Irrationally and unfairly, she had wanted him to, wanted him to be her rock again, to be that devil may care man she had come to love who could brave a hurricane and come out of it unperturbed, with a smile on his face and quip on his tongue.

But she knew better than anyone how incapable he was of giving her what she needed; clinging stubbornly as he was to the only vestiges of hope he had left.

Her frustrations conflicted with his own, causing a friction that was chafing at their already bruised and battered defenses, drawing blood from their scathed and wounded cores. And then leaving them to bleed some more.

In that moment, in a wordless exchange, she saw the inevitable truth in his eyes just as he saw it in hers.

He had chosen her every single time in the past, over a rightful place in his own universe, over a better version of herself, over a future in which she would die at the hands of his father, over his own existence.

But he wouldn't choose her over their daughter.

She couldn't ask him to…It wasn't a choice any person should be forced to make.

And as she had walked towards Grand Central, made her way through Manhattan's infamous crowds now a lot thinner and more subdued since the takeover, feeling truly alone for the first time in years, she couldn't help thinking that she'd lost him forever. That she would never see him again.

She knew of course that they weren't done because how they could be. Stories like theirs never really ended.
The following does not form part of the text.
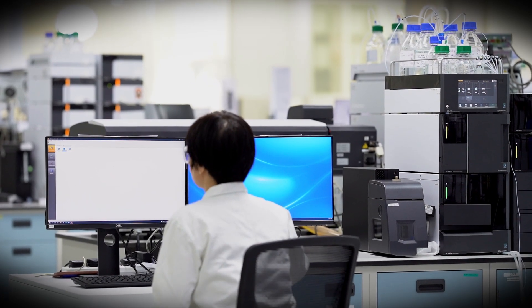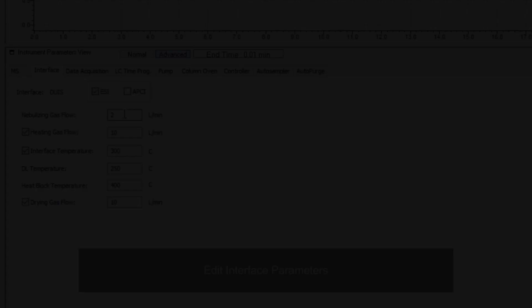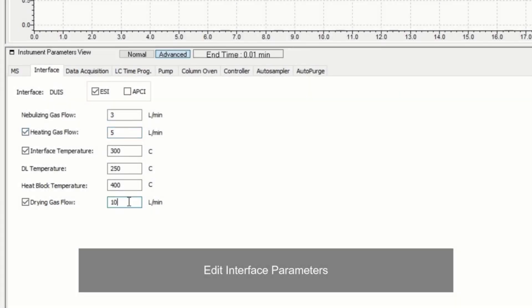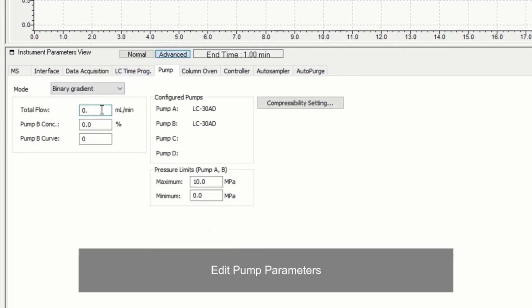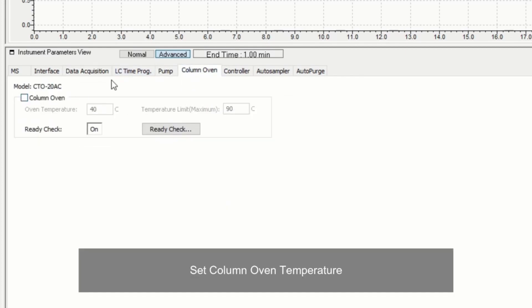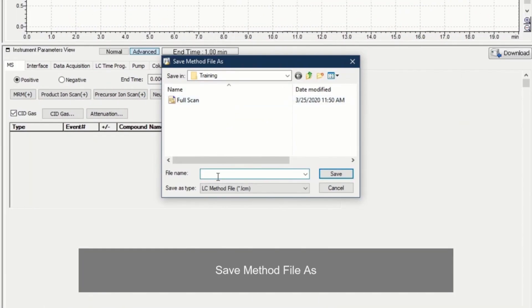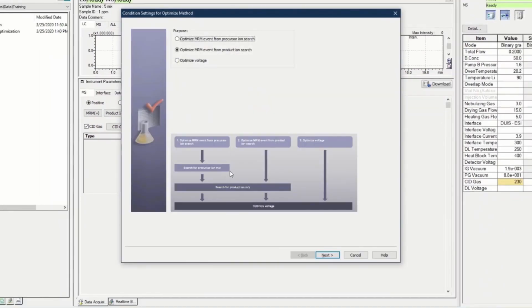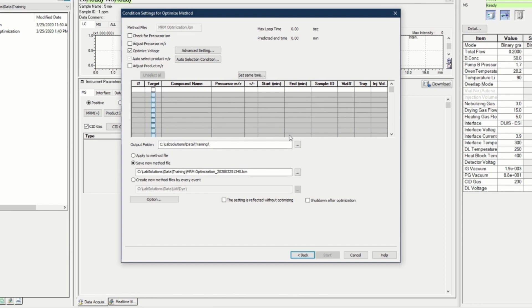Let us look at the procedure to perform automated MRM optimization using LabSolutions. First, create a new method file and input values for interface parameters, acquisition time, pump parameters, and oven temperature. Then download the method to the instrument. Press the Optimization for Method button at the left panel to begin the automated MRM optimization. Remember to name and save your method file.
There was just not anything left right then, in that moment.

If death were to have come to her then, she would have welcomed it with open arms, confident in the knowledge that he wouldn't give up looking, that one day he would find their child and keep her safe, protect her and make sure no harm came to her, be the exceptional father that he had always been.

She remembers the way he had looked at her that day, as he'd held their baby, all of two minutes after she had arrived in this world kicking and screaming and making her presence felt. Of course she had calmed down the second she was deposited into his arms.

He had bent down to meet her gaze, his expression caught between laughing and crying, wonderstruck and dazed, as he pressed fervent half-formed kisses on her lips.

Thank you… he had whispered in a choked voice over and over, his tone embodying immeasurable gratitude.

No…thank you. She should have said to him, she thought as she triggered the amber device.